Mariano Fernández Bermejo (born 1948) is a Spanish jurist and politician, who served as justice minister of Spain from 2007 to 2009.

==Early life and education==
Bermejo was born in Arenas de San Pedro, Ávila, in 1948. He holds a PhD in law, which he obtained from Complutense University in Madrid in November 1969. He also received an advanced degree in community law in 1998.

==Career==
Bermejo started his career as a lecturer and until 1974 he worked at the University of Extremadura and at the UNED. In 1974, he began to work as an attorney. He served as a public prosecutor at the provincial courts of Santa Cruz de Tenerife and Cáceres. He also served as a deputy prosecutor and director of public prosecution in Segovia. In September 1986, he became the executive advisor to the minister of justice and served in the post until 1989. Bermejo was appointed prosecutor at the supreme court of justice in June 1989. He served as the chief public prosecutor in Madrid from 1992 to 2003. He was dismissed by the People's Party in 2003 due to the tensions between him and party officials. In July 2004, he became director of public prosecution in the department for suits in Madrid. He is a founding member of the Progressive Union of Public Prosecutors.

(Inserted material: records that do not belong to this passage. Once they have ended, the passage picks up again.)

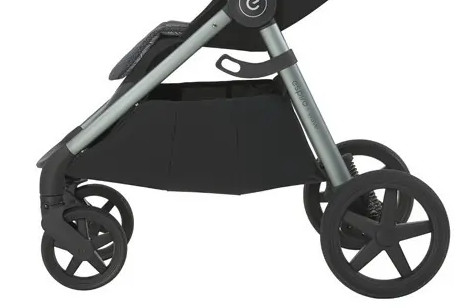 Espiro Wave Wózek Spacerowy - Bambino.com.pl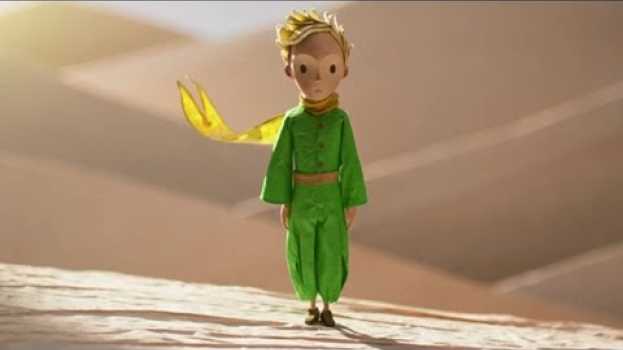 Video Le Petit Prince, un film Orange Studio en Español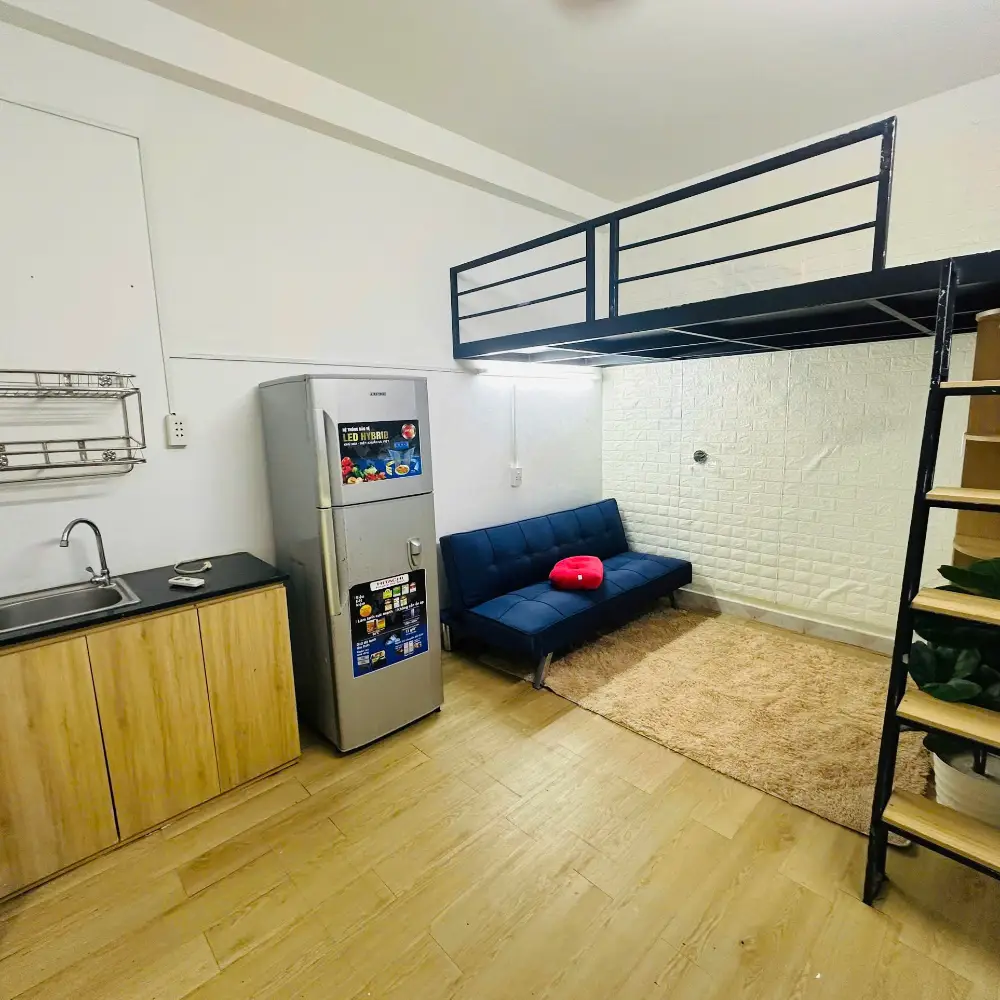 Cho thuê phòng 7, Năm Châu ZTT1, Phường 11, Quận Tân Bình, Hồ Chí Minh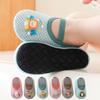 Children's Non-slip Breathable Mesh Baby Socks for Indoor Walking - Summer/Spring
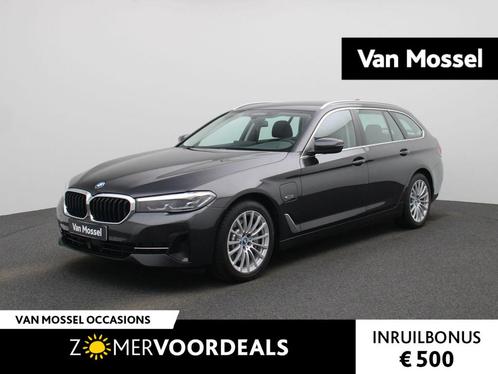 BMW 5-serie Touring 530e xDrive Executive | ACHTERUITRIJCAME, Auto's, BMW, Bedrijf, Te koop, 5-Serie, 4x4, ABS, Achteruitrijcamera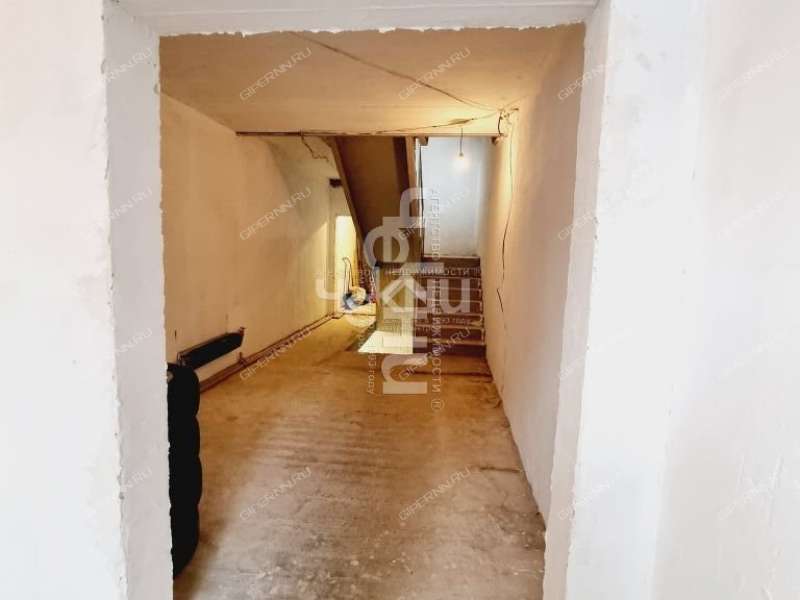 трёхкомнатная квартира на Полевой улице дом 90а деревня Кузьминка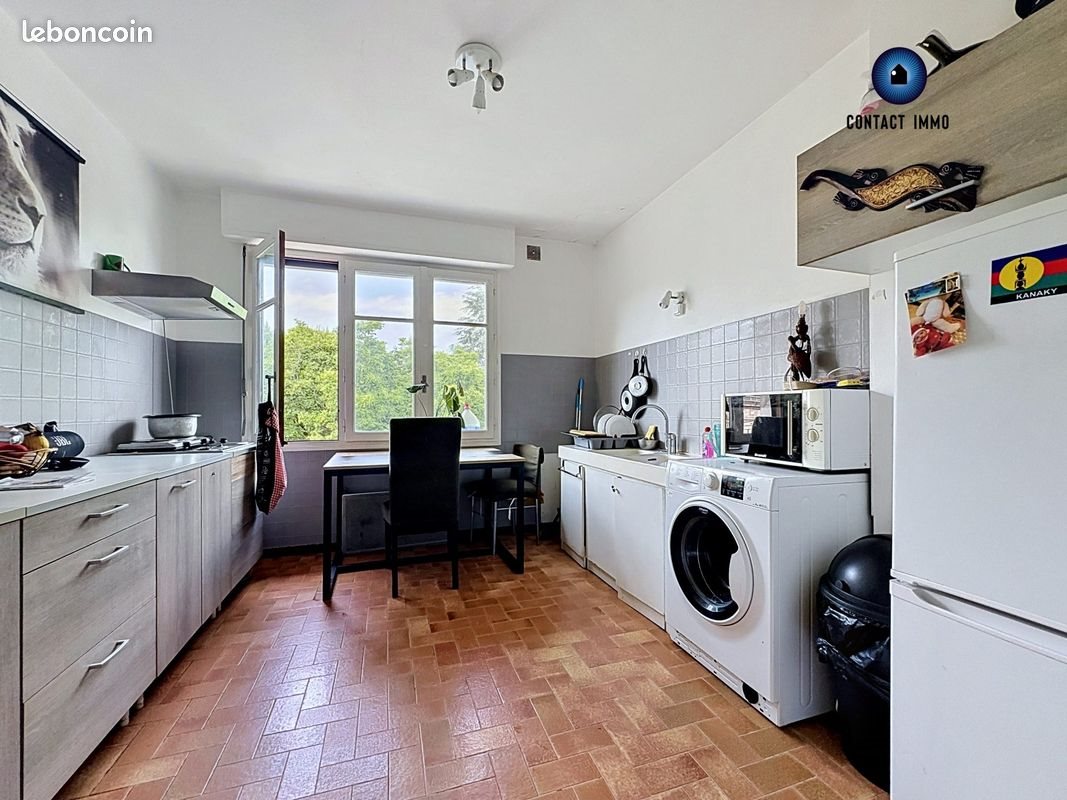 Appartement à vendre, 57m², Brive-la-Gaillarde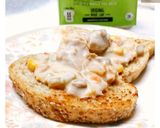 รูปขั้นตอนการทำที่ 4 ของ 🐟แซนวิชโฮลวีททูน่ามายองเนส Whole Wheat Tuna Mayonnaise Sandwich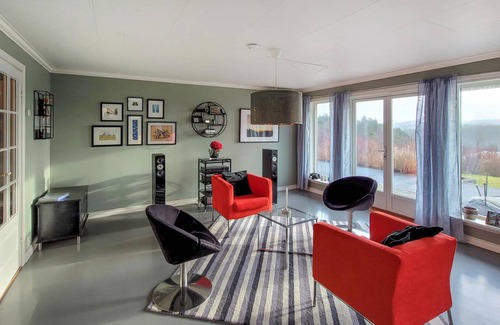 Sveio House | 230 m² House ∙ 4 bedrooms ∙ 8 guests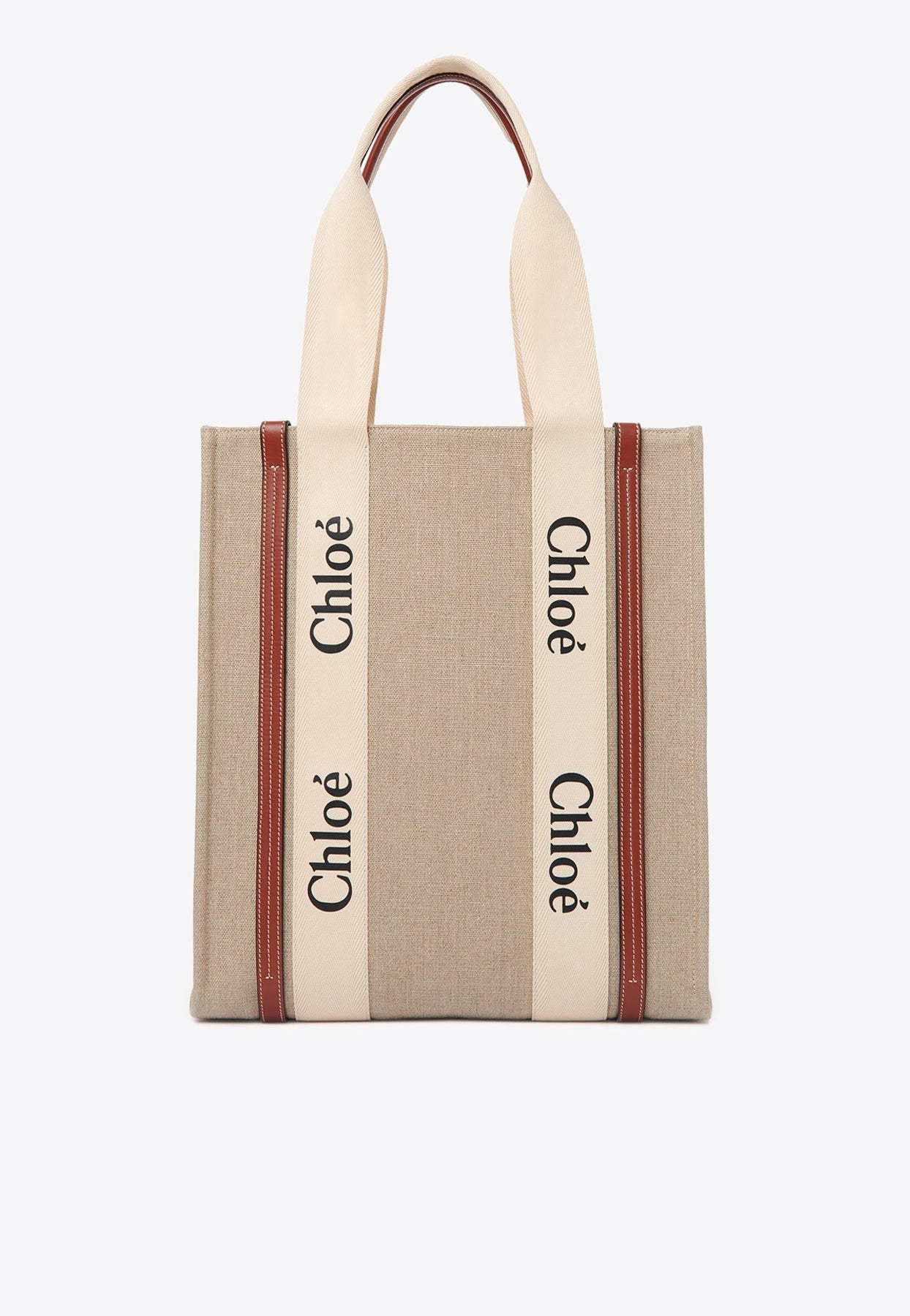 Woody N/S Cabas Bag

He was appointed justice minister to the cabinet led by Prime Minister Jose Luis Rodriguez Zapatero in a reshuffle on 12 February 2007, replacing Juan Fernando Lopez Aguilar in the post. Bermejo retained his post in a May 2008 reshuffle. He resigned from office on 24 February 2009 due to his alleged intervention to a corruption investigation about a member of the People's Party. Bermejo was replaced by Francisco Caamaño Domínguez in the post.

Bermejo was also elected to the Spanish parliament for Murcia province in the 2008 election.